University of Reading Professor of Ecology, Mark Fellowes, describes a life-changing field course to the Amazon rainforest and The Galapagos Islands. 

It is fair to say that the student experience has evolved over the course of the last ninety years at Reading. From the subjects available to study to what it means to live, work and thrive in a global higher education environment; the opportunities today are almost endless.

At Reading we have always believed in providing unique opportunities to learn, and as a result, today’s students get the chance to immerse themselves in their chosen subjects in ways that might have seemed unimaginable for those who graduated decades earlier.

Life-changing opportunities

Imagine swimming with sea lions and seeing some of the world’s rarest species first-hand.
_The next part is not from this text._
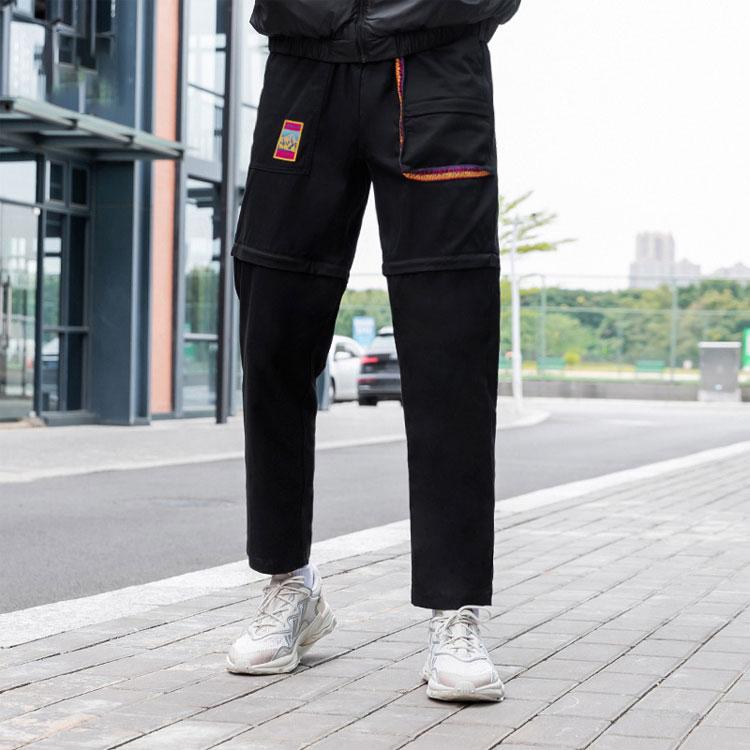 adidas Винтажные брюки-карго Originals Trefoil X Snezhnaya Collab Мужские брюки черные GV0932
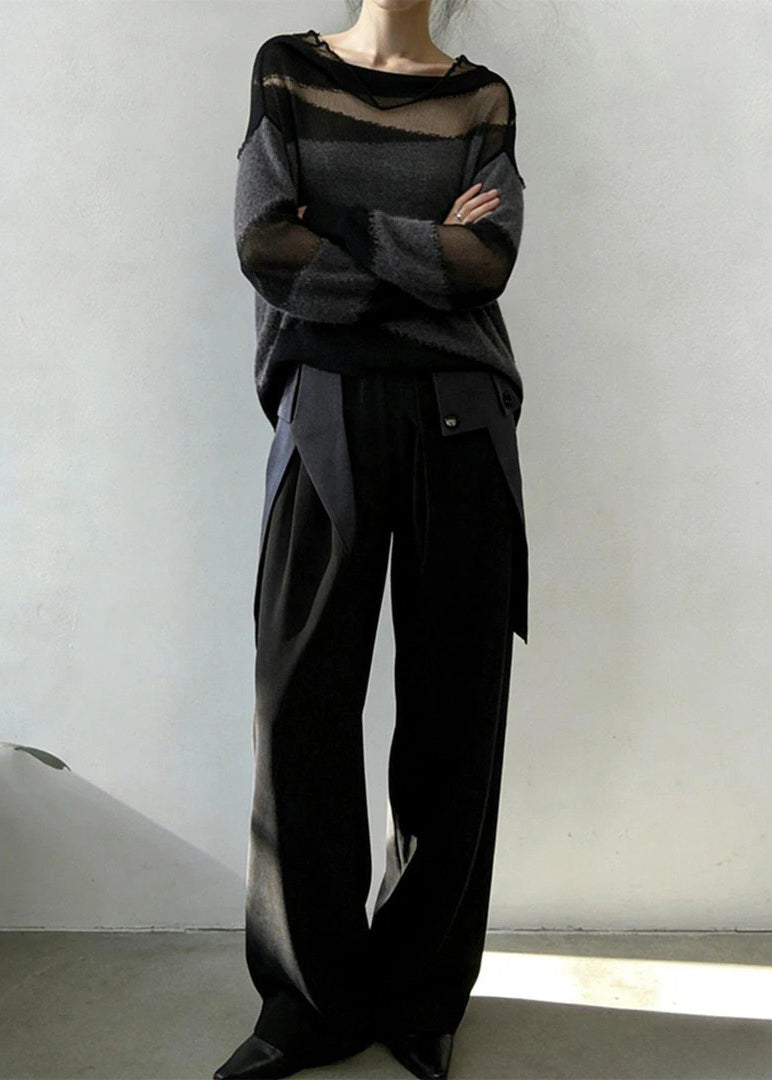 Dames oversized trui patchwork stijl herfst 2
This once in a lifetime experience forms part of an incredible Tropical Biology Field Course, led by Professor of Ecology, Mark Fellowes, here at Reading.
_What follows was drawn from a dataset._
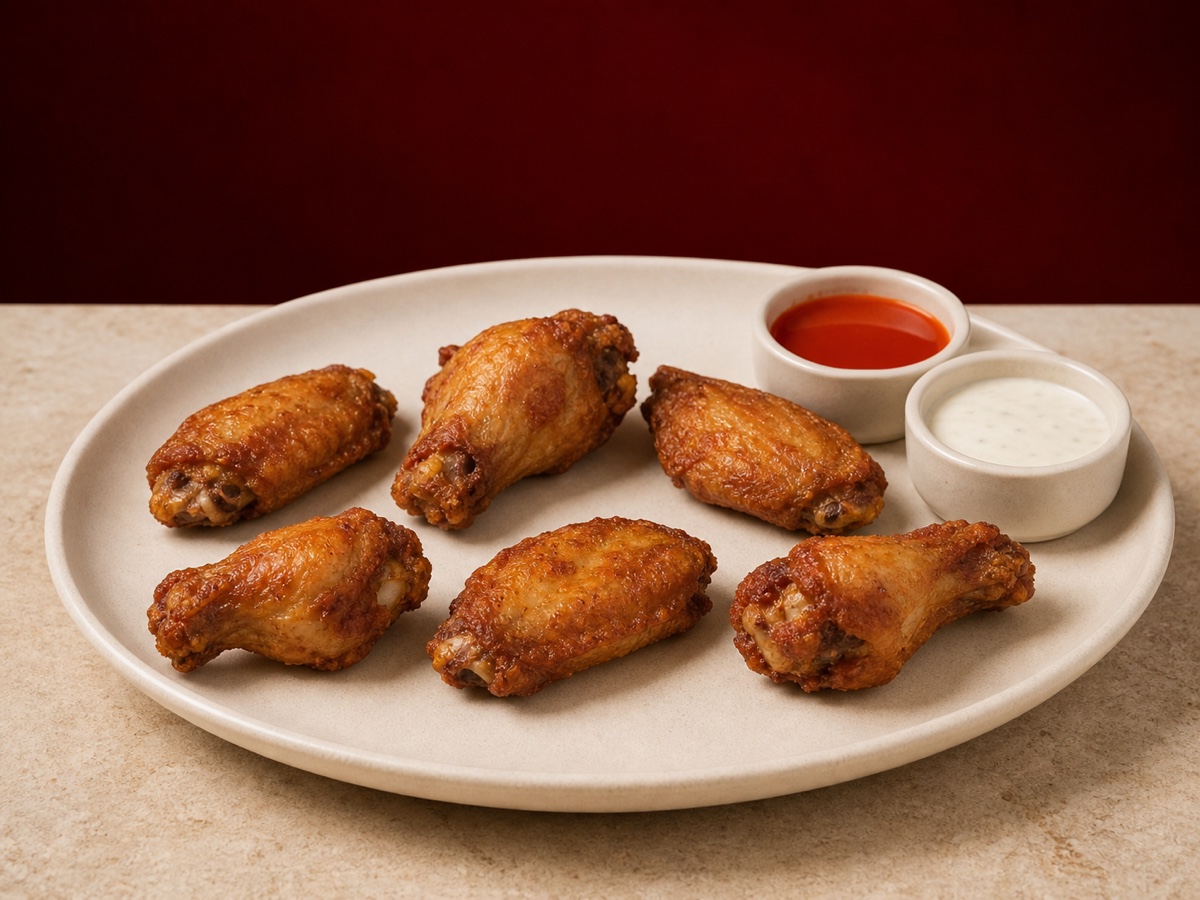 Chicken Wings — 6 pc from NY Gyros & Phillys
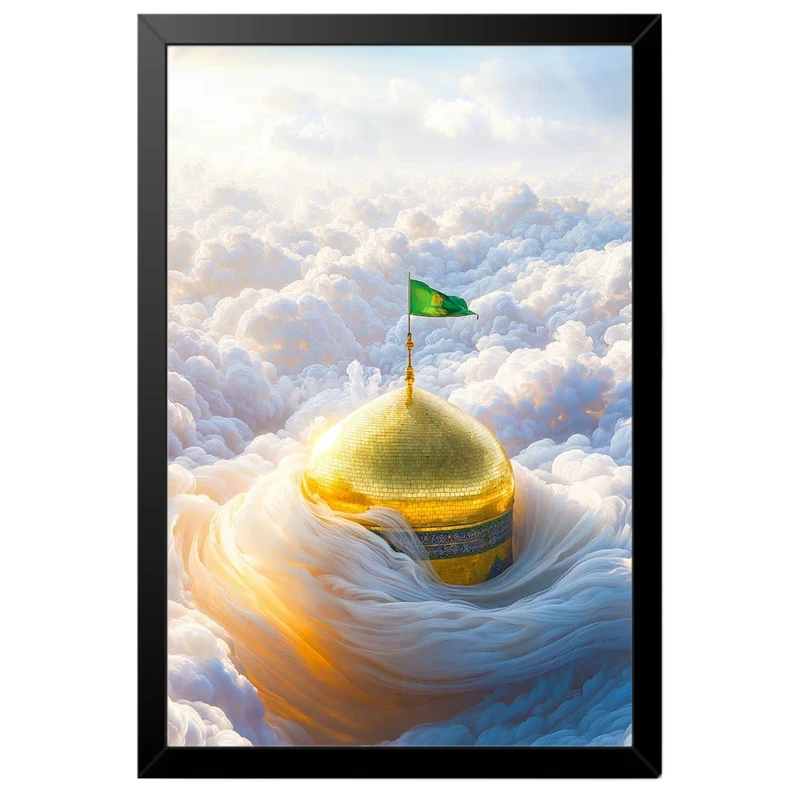 تابلو بکلیت طرح حرم امام رضا علیه السلام مدل B-po2144 فریم مشکی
In previous years trips have taken place in Madagascar and Borneo, but for the first time in 2017, the group journeyed to the Ecuadorian Amazon and the Galapagos Islands. Described by UNESCO as a unique “living museum and showcase of evolution”, the Galapagos Islands are brimming with a huge range of marine, animal and bird species.

An Amazonian adventure

The Tropical Biology Field Course allows students to witness the impact of humans on biodiversity and on the planet first-hand. “It’s difficult to explain just how lucky we are to be able to see species as iconic as anacondas, sloths, river dolphins, marine iguanas, giant tortoises and Darwin’s finches in the space of a couple of weeks,” says Professor Fellowes.
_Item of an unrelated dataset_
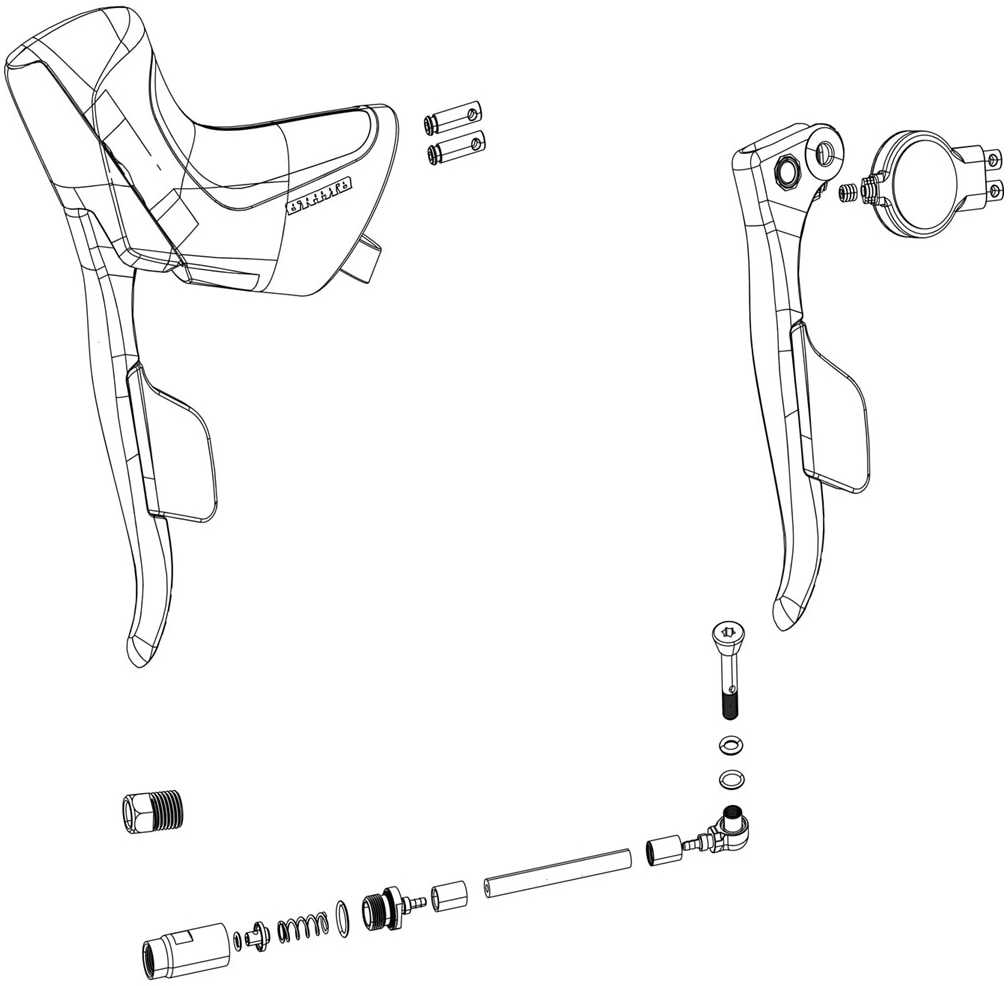 shimano 105 shifter parts diagram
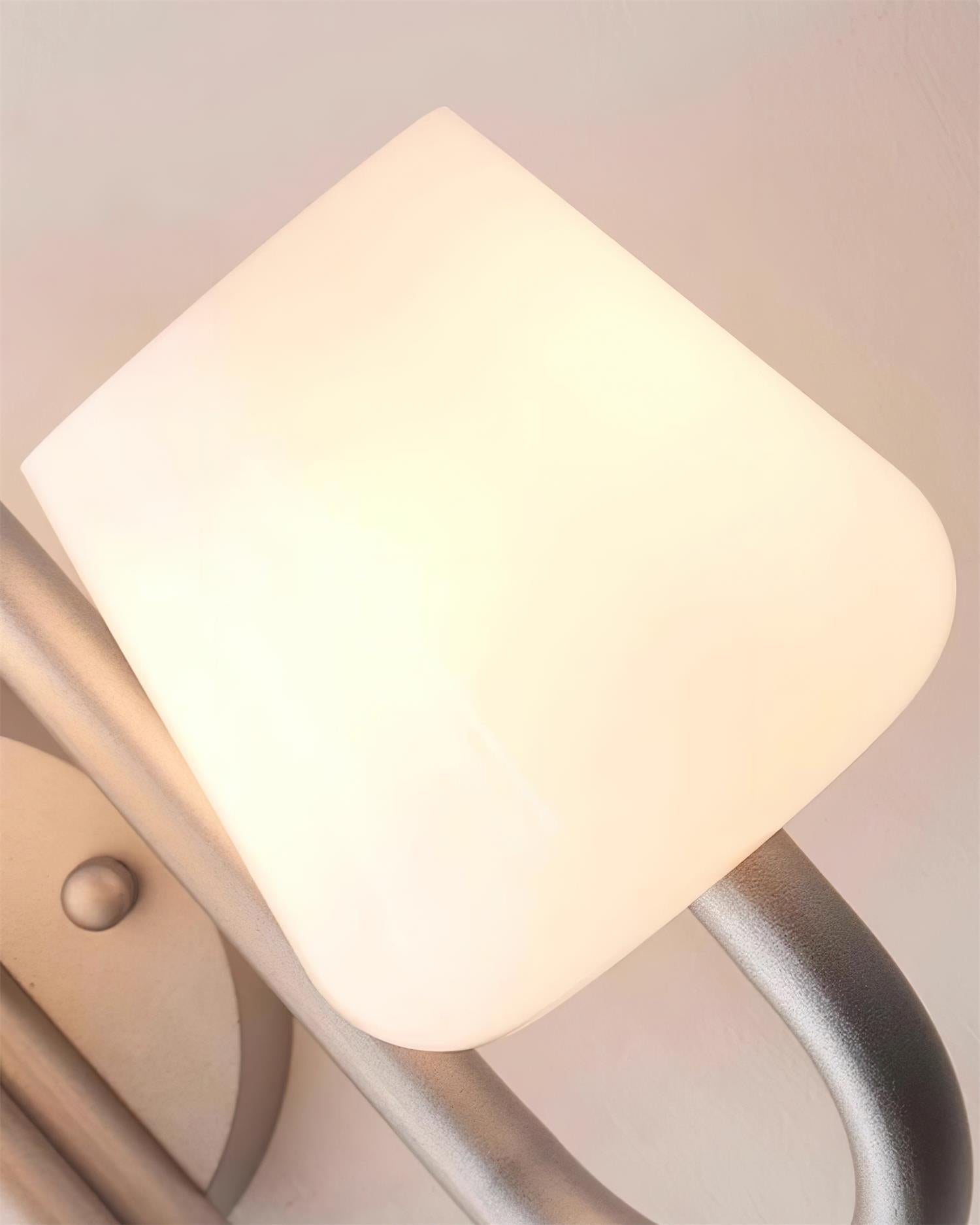 Trilo Wall Lamp Sculptural Satin Curves - Letslighting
For the first part of the trip, the group stays in the Amazon spending time with the local community and observing how they interact with the wildlife and biodiversity around them.

As Professor Fellowes remarks: “The Amazon is a lush tropical rainforest. For me it’s about the birds, but most people love seeing different primates like spider monkeys, howler monkeys and pygmy marmosets, the smallest true monkey.

“We then go from that very wet tropical rainforest and travel to the arid Galapagos. These volcanic islands are laboratories for evolution, with the majority of species found nowhere else on earth and many differing from island to island. Last year we were snorkelling in the ocean, and came across 50 or 60 giant manta rays. Some of us went into swim with them, it was just an incredible experience.

“These are the kinds of things you can’t predict will happen, but we’re never disappointed by wildlife on the Tropical Biology Field Course.”

Biodiversity on campus

Field work isn’t restricted to the tropics – other field courses at Reading involve visits to sites in the UK, Spain and Sweden and students have worked in places as varied as Malaysia, South Africa and the Caribbean for their final year projects.

Back in Reading, teaching involves using the biodiverse campus as a field site and outdoor laboratory, with students learning to identify and survey birds, mammals and invertebrates. The campus has prestigious Green Flag status and is home to a large lake, woodlands, meadows and the Harris Garden with foxes, deer, hedgehogs and owls amongst its inhabitants.

“We don’t just use indoor laboratories for teaching, we believe passionately in getting people outside to see things for themselves,” says Mark.

“If we want to make a difference to protect what remains of our biodiversity, the first step is to get hands-on and look at things. The lessons learned at Reading set the stage for understanding how to help protect what’s left.”